From Authorization to Insight

Data Supply Chain is the life cycle of data entering an organization, undergoing transformation and standardization, and coming out as information ready to be consumed by users within the organization.

Big-data empowered organizations, such as banks, financial institutions, insurance and health organizations, hold vast amounts of data. They obtain a huge amount of data from their own internal activity as well as external sources.

Data is not very usable while kept in its raw format, hence data-driven organizations must digest and analyze the data to gain useful insights and make smarter business decisions. Data scientists, engineers, analysts, and developers use tools such as Looker, Tableau, SAS, TensorFlow, Jupyter and even Python to process the data into a human readable report.

But, a question arises… Who can actually access the data?

Data Usage Restrictions

Data driven organizations in the financial industry face a lot of regulations while using their data. The most famous regulation is the GDPR, but in fact there are thousands of regulatory rules that a bank must comply with while using its data. In addition to regulations, there are restrictions issued by standardization organizations, on top of the obligations and guidance generated by the bank itself.

Regulatory compliance can become a mess, especially for multinational banking institutions, requiring them to follow multiple regulatory alerts from multiple sources, including international and federal.

The United Kingdom has 6 financial regulatory authorities, the European Union has 5 regulatory authorities, and the USA has 11 federal regulatory authorities. Each state in the USA has its own banking authority, and almost any country in the world has one (Wikipedia).

Regulation rules from multiple banking authorities sometimes overlap or collide.

Whether an investment analyst managing a nostro account analyzing a strategic model, or a marketing analyst wishing to start a mortgage campaign — are they allowed to access all the data to gain their insights? As you might realize, the answer is No, and here is where the regulatory rules come into effect.

Since the 2008 financial crisis, strict regulatory enforcement has brought cumulative financial penalties of roughly $321 billion (through the end of 2016). While US regulators have assessed most of the fines, their counterparts in Europe and Asia will likely step up the pace. (Boston Consulting Group).

Data Access Authorization

It may take many months for an access request by a bank analyst from issuing until it is fulfilled. Majority of the time spent is due to compliance teams’ tedious and risky process of verifying that both the request as well as the requester are compliant with the regulations, obligations, standards, and organizational guidelines. Many of the requests for data are denied because of cost considerations — the implications of privacy breaches and data usage issues may cause significant financial losses in terms of regulation investigations and fines.

Denying a request for information is bad for business and fulfilling the request months after it has been raised makes the report no longer relevant.

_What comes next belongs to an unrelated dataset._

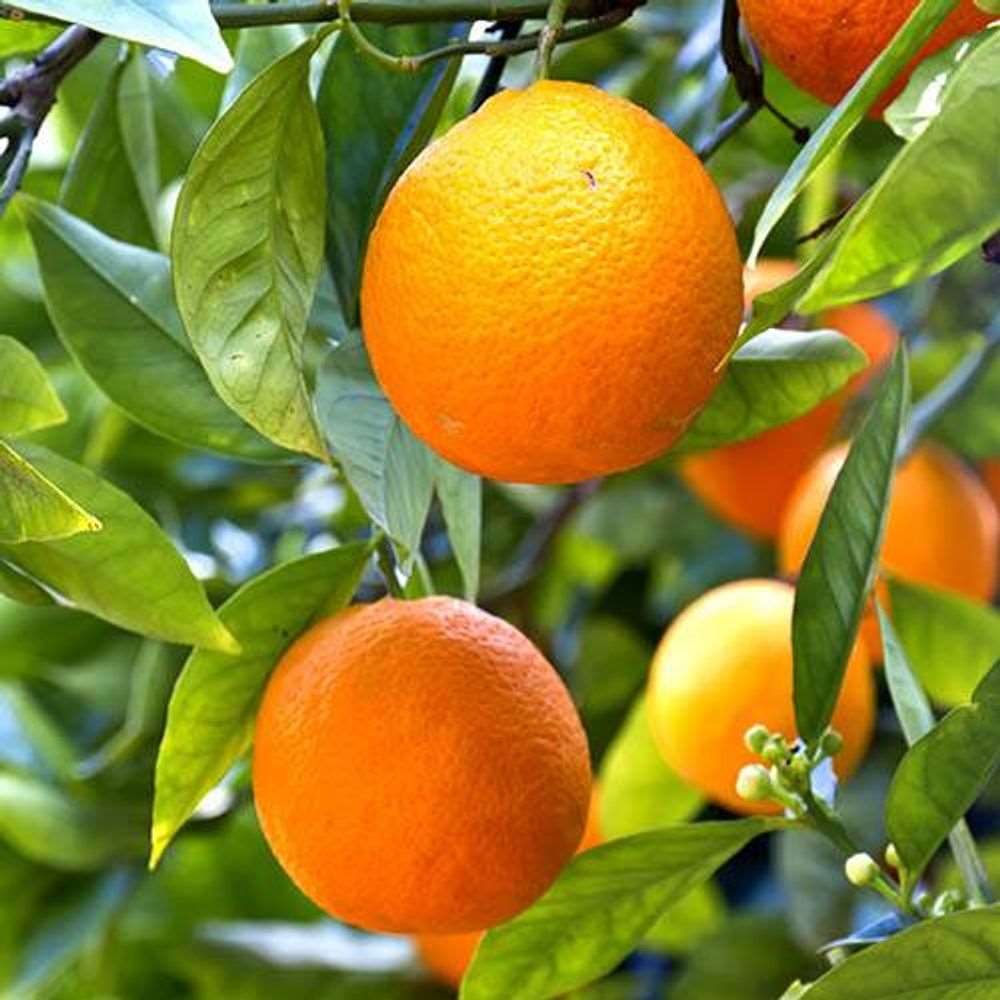 'Mandarin' Citrus Tree: Plant in 6L Pot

The data journey from raw data till the final report has three key elements that needs to be considered:

  1. Does the requester have permissions to access the dataset?
    Coarse-grained authorization (RBAC and even ABAC) is not enough. Within the banking industry, a requester must have a specific role to be able to access a dataset, but other restrictions may apply. For example, he also must physically reside in the same region as the data in order to use it and the request must be issued in normal business hours.
  2. Does the data can be used for such a report?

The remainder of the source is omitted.